Das Getriebe ist ein einfaches Kegel-Tellerrad-Getriebe, das Kegelrad besteht aus Metall, während das Tellerrad aus Kunststoff gefertigt wurde. Die Rücklaufsperre greift ins Tellerrad. 


Hier noch einmal die Prägung auf dem Rollenfuß, Made in West Germany


Und hier ein Blick in den Rotor, die Bremsenknarre besteht auch aus Kunststoff und ist auf der Achse befestigt, sie greift dann in die Querrillen unter der Spule.


Was noch auffällig ist, der Kurbelgriff ist nicht symetrisch ausgeführt. 

Alles in allem eine einfache kleine Rolle mit wenigen Teilen, gut erhalten.

Mit dem Alter bin ich mir nicht ganz sicher, aber es sollte 1959/1960 sein. 
Laut Internet gab es danach noch mehrere Modelländerungen, die Rolle wurde bis 1968 hergestellt, das letzte Modell hat Ähnlichkeit mit der 218-248 Serie.


----------



## eiszeit (15. Januar 2022)

Hecht100+ schrieb:


> Mit dem Alter bin ich mir nicht ganz sicher, aber es sollte 1959/1960 sein.

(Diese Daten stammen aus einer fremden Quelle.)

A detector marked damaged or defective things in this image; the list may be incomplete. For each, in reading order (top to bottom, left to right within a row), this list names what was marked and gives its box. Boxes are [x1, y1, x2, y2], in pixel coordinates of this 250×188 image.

Man kann schon ab 1958 sagen. Sehr schöne Vorstellung.


----------



## Bilch (15. Januar 2022)

Danke für die Vorstellung Hecht100+  Die günstigeren DAM Rollen aus dieser Zeit sind nicht so bekannt wie die Finessa z.B., aber trotzdem genauso interessant. Weißt Du vlt. wie viel eine Finessa oder Microlite damals kostete?

Laut Inflationsrechner waren 15 DM 1959 etwa so viel wie heute 35 Euro ...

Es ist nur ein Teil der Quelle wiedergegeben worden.